T.Mou
T.Mou

Reputation: 71

Keras LSTM model data reshapping

I have some Y-axis values of sine wave as features and I labeled it as pass or fail and used linear regression to train it and got 98% (since it is a synthetic data) Now I tried to feed the data to a LSTM model and want to see the accuracy. But I don't know how to specify a LSTM model using my data.

I have Y = label =

array([[1, 0],[1, 0],[1, 0],[1, 0],[1, 0],[0, 1],[0, 1],[0, 1],[0, 1],
[0, 1],[0, 1],[0, 1],[0, 1],[0, 1],[0, 1],[0, 1],[0, 1],[0, 1],[0, 1],
[0, 1],...] with a shape(11564, 2).

and I have a feature = X =

array([[ 0.,  0.03140919,  0.06278424, ..., -0.08864117,-0.0591398 ,
 -0.02958302],[ 0.,  0.03140762,  0.06277796, ..., 
-0.08349163,-0.05570133, -0.02786163],[ 0.,  0.03140605,  0.06277169, 
..., -0.07864125,-0.05246279, -0.02624041],...,[ 0. ,  0.96491418, 
-0.5409955 , ...,  0. , 0. ,  0. ],[ 0.,  0.96496242, -0.5410496 , ...,
  0. , 0. ,  0. ],[ 0. ,  0.96501067, -0.54110371, ...,  0. ,0. ,  0.]]) 

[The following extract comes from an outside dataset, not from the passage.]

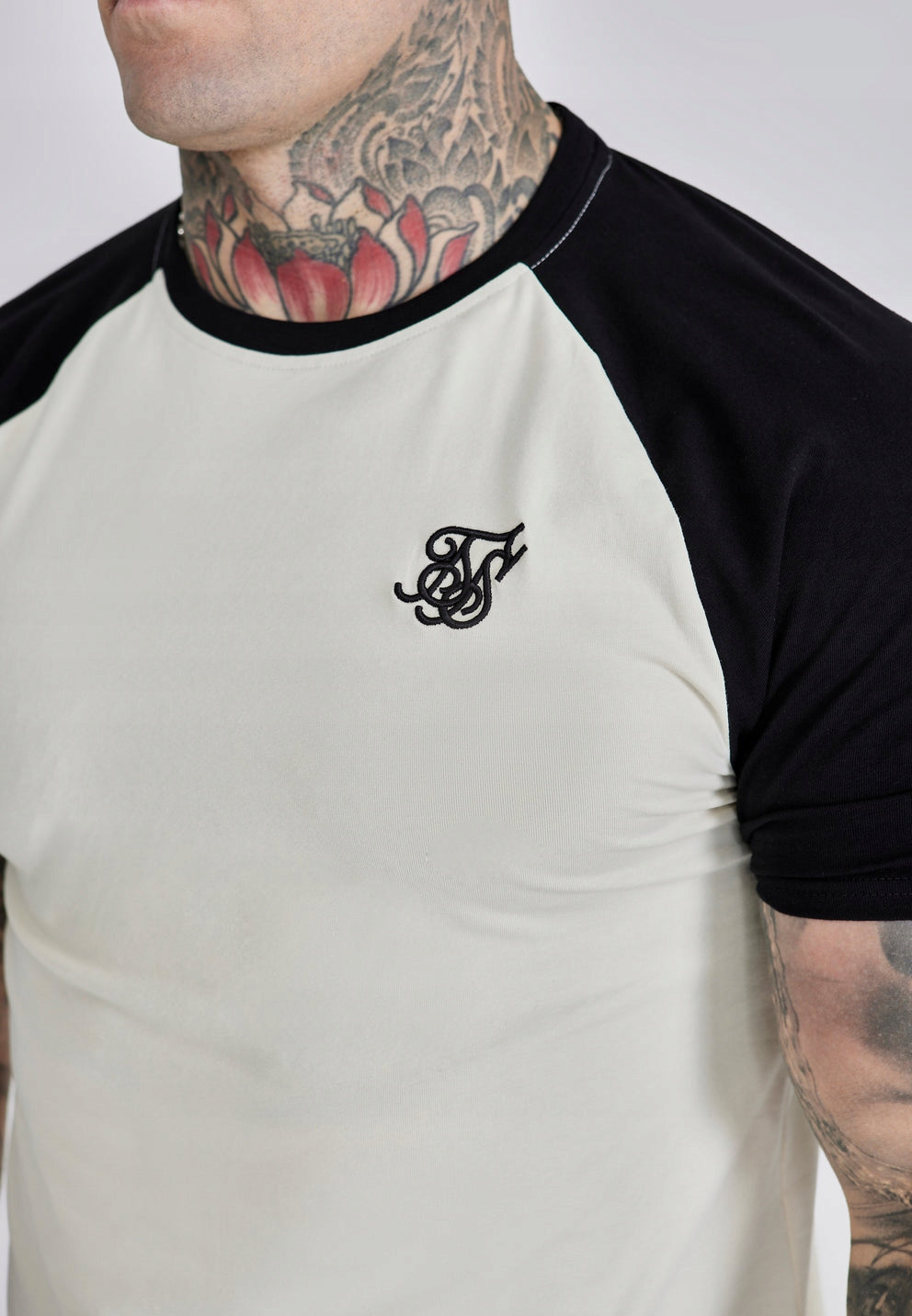 SIKSILK T-shirt męski ecru + czarny SS-27238 koszulka Raglan T-shirt L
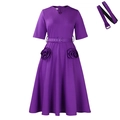 Elegant purple A-line summer dress with V-neck, short sleeves and floral pocket details - S / Purple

with a shape of (11564, 1200))

Now how to I choose the values for the LSTM code:

model = Sequential()
model.add(keras.layers.LSTM(hidden_nodes, input_shape=(window, num_features)))
model.add(Dropout(0.2))
model.add(keras.layers.Dense(num_features, activation='sigmoid'))
optimizer = keras.optimizers.SGD(lr=learning_rate, decay=1e-6, momentum=0.9, nesterov=True)

Upvotes: 0

Views: 111

Answers (1)

陈海栋
陈海栋

Reputation: 90

checklist:

1 make sure your X, input is (11564,n) n is the number of length in each row, make sure n is the same in every row, if they are now ,please consider use the padding func

2 seems u need a embedding layer or stuff like that to let lstm accept your data by, either shrink them to low degree, or reduce somehow

keras.layers.LSTM(units, activation='tanh', recurrent_activation='hard_sigmoid', use_bias=True, kernel_initializer='glorot_uniform', recurrent_initializer='orthogonal', bias_initializer='zeros', unit_forget_bias=True, kernel_regularizer=None, recurrent_regularizer=None, bias_regularizer=None, activity_regularizer=None, kernel_constraint=None, recurrent_constraint=None, bias_constraint=None, dropout=0.0, recurrent_dropout=0.0, implementation=1, return_sequences=False, return_state=False, go_backwards=False, stateful=False, unroll=False)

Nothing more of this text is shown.